Climate activists who're still looking for the ideal soundtrack to liven up their protests, we can highly recommend 'Seeds, Roots, Flowers And Fruits' by the Portuguese Terra Livre. The band consists of members of Terrakota (Gonçalo Sarmento - guitar, saxophone, kora and vocals), Chapa Dux/Green Echo (Leonardo Marsh - guitar and vocals, Rodrigo Marsh - keyboards, guitar and vocals, and Adriano Pereira - clarinet, flute and vocals), Pas De Probleme/They Must Be Crazy (Pedro Pereira - bass) and Opaz (Tiago Santos - drums) who met about ten years ago in the Serra De Sintra, a mountainous region west of Lisbon where they created 'Terra Livre', an ecological communal living project experimenting with sustainable agriculture, permaculture, ecological building and minimizing the human ecological footprint. 'Seeds, Roots, Flowers and Fruits' is a tribute to the natural cycles, the four seasons, the four corners of the earth and the four principles of permaculture (do not produce waste, use all available space, grow a number of perennial crops and reuse your water), with the 12 songs on the album forming the substantive and musical extension of the project and symbolizing the twelve months of the year, the twelve signs of the zodiac.
Opener 'Mãe Terra', for example, is an ode to mother earth, in 'Dança Da Semente' they talk about the struggle for "seed freedom" or the rejection of company patents on plant seeds (the intro of the song appropriately features part of a speech by Indian scholar, environmental activist, champion of food sovereignty and author on alter-globalism, Vandana Shiva). 'Water' is about the blue gold that's keeping us all alive but is becoming ever scarcer, and in 'Greening The Desert', just like the climate activists, Terra Livre is pointing out the planet has reached its limits: "We're on red alert, Mother Nature getting hurt!".

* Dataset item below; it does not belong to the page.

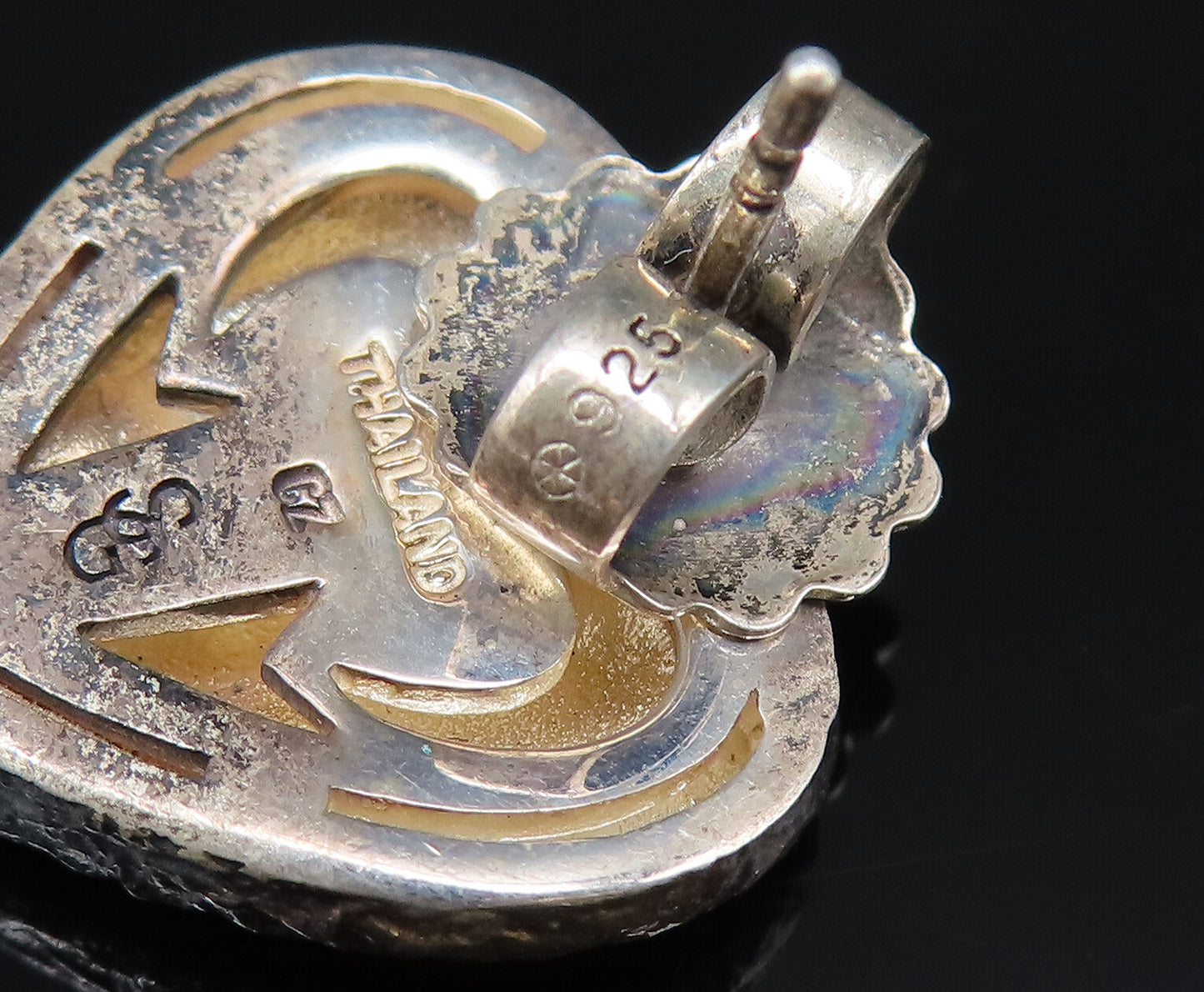 DESIGNER 925 Silver Vintage Carved Figure Heart Shaped Topaz Earrings EG12187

Add to that vocal guests like Brazilian veteran Silvério Pessoa, Algerian singer-songwriter Nazim Lachachi, mestizo-king Manu Chao and guest musicians like Francisco Amorim and Paul Robert, the horn section of Kumpania Algazarra, and Nataniel Melo, Paulo das Cavernas and Marcio Pinto, percussionists with Terrakota, and you end up with a finger licking good mestizo-album, with songs ranging from psychedelic samba that seems to have been plucked from the nineteen seventies (opener 'Mãe Terra' featuring Silvério Pessoa, 'Ventos Com Tom'), reggae ('Earth Music', 'Little By Little', Dança Da Semente' featuring Manu Chao, that was even given a nyahbinghi intro), Maghrebi rhythms ('Greening The Desert', 'Dá-me A Tua Mão', 'Ha No Nada' featuring Nazim Lachachi), West-African kora meets afrobeat ('Water') and even some swing jazz in 'Start A Revolution'! Highly contagious Portuguese mestizo, simultaneously getting you to dance and rattling your conscience. Recommended listening!